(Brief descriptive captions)
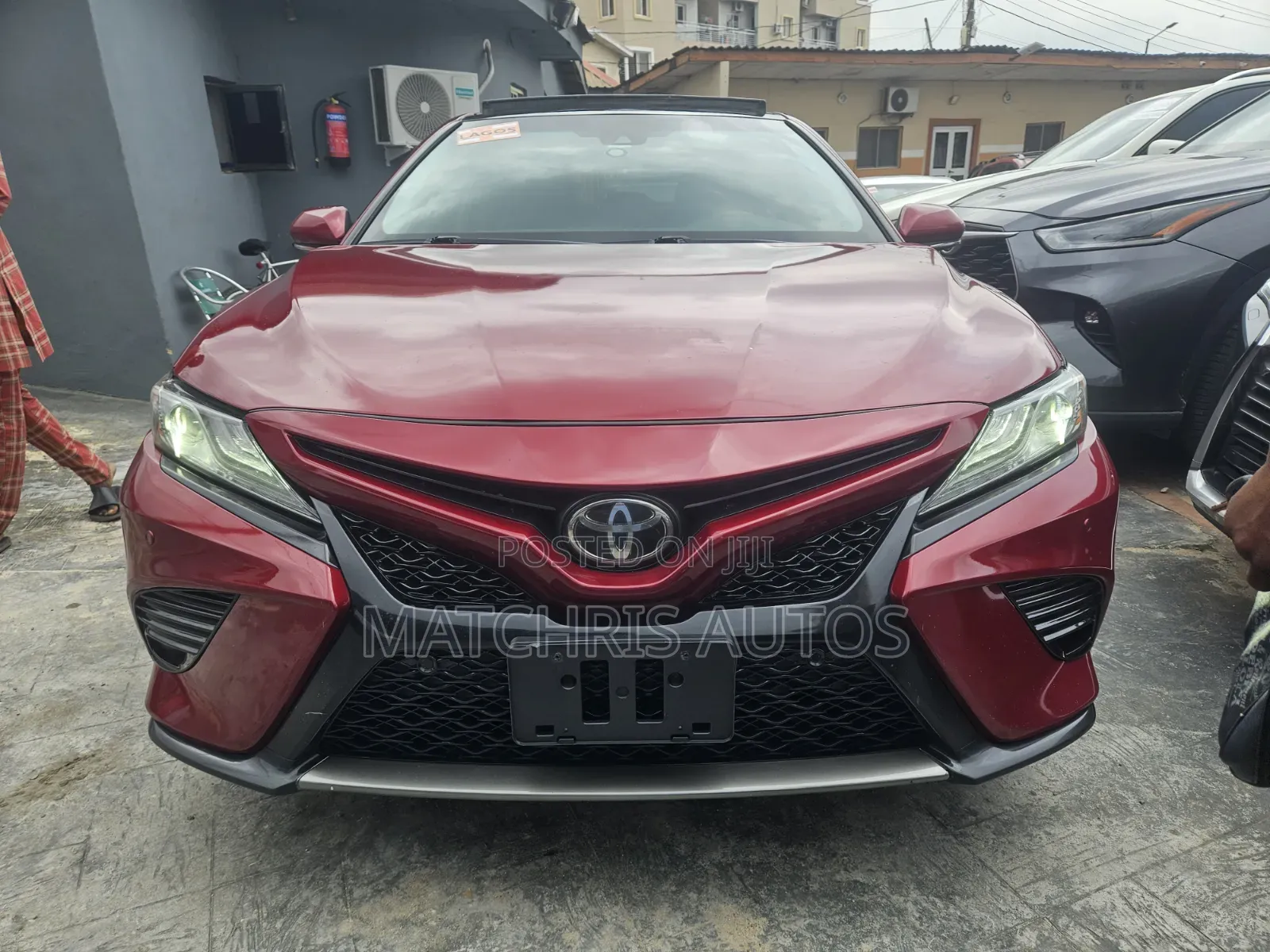 Toyota Camry XSE FWD (2.5L 4cyl 8AM) 2018 Red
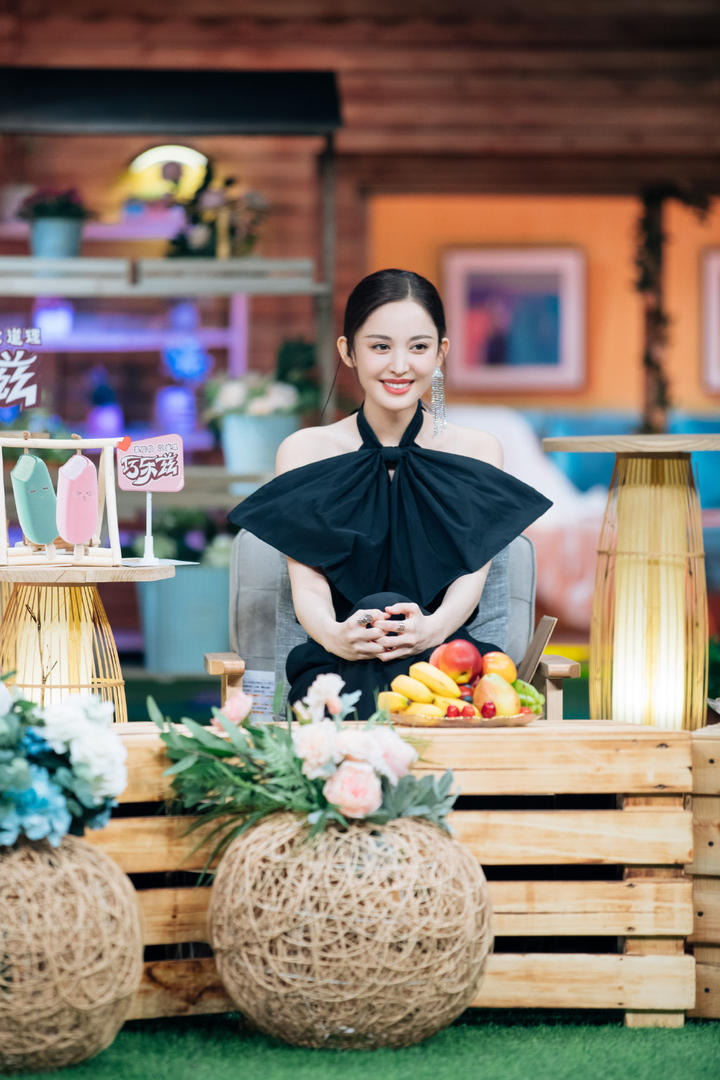 新疆美女明星古力娜扎上节目剧照图片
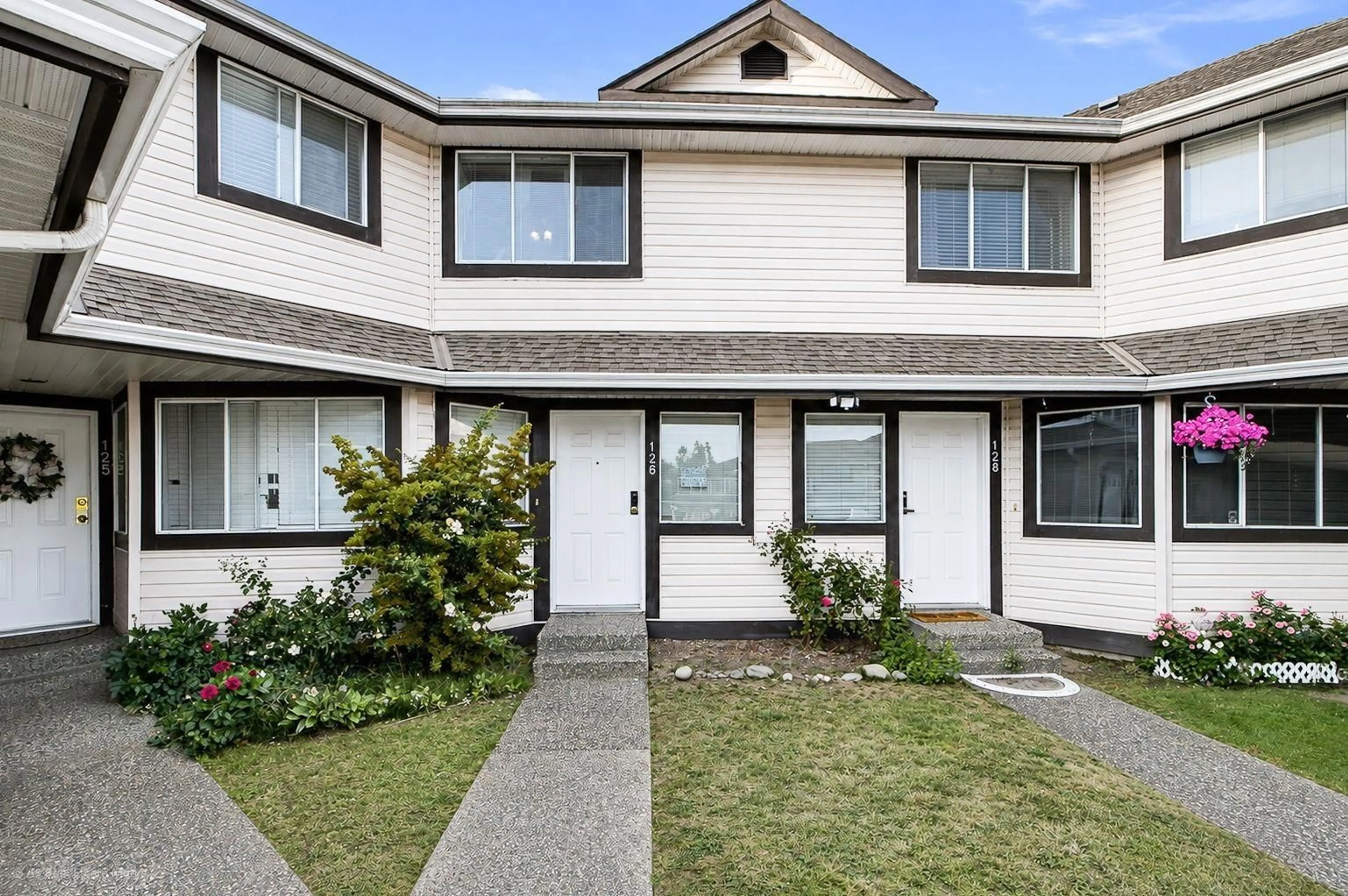Home with vinyl exterior material, street for 126 - 3080 TOWNLINE ROAD, Abbotsford British Columbia V2T5M2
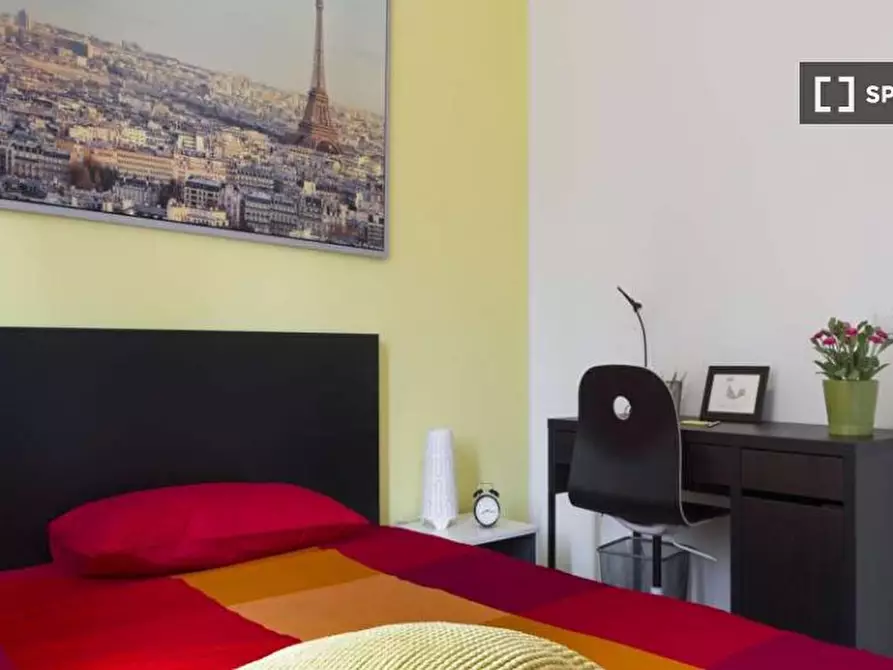 Immagine 16 di Camera condivisa in affitto  in Viale Carlo Espinasse Milan a Milano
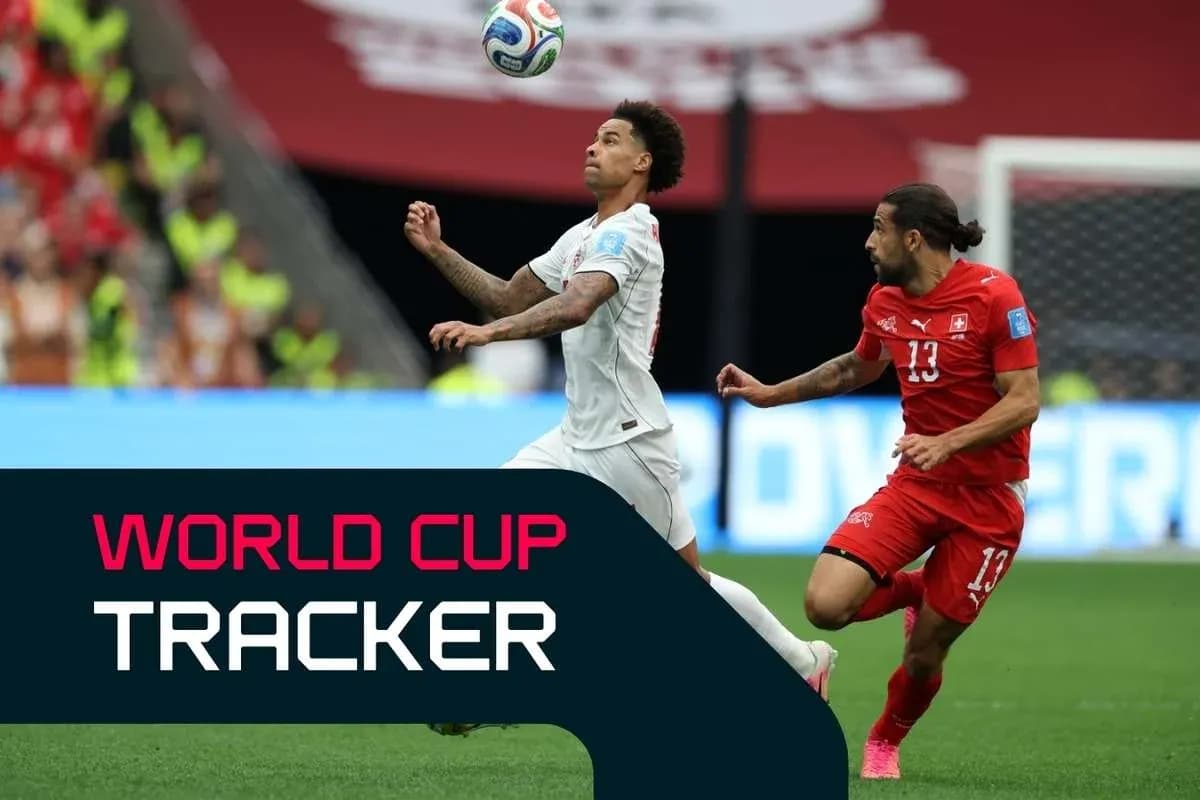 Jugador controla el balón en partido de Copa Mundial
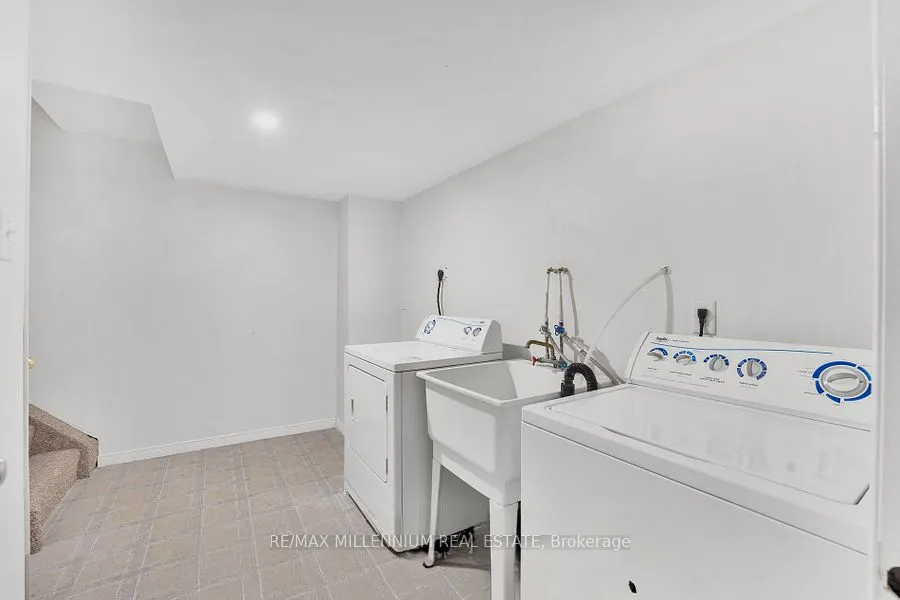 44 Hanmer Street E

EXERCISE DETAILS — Nothing but the lines from the one holding "Jugador controla el" through the last line of the entries should be written out, exactly and inclusively, minus the pictures.

REPLY TO THE TASK —
 Jugador controla el balón en partido de Copa Mundial
 44 Hanmer Street E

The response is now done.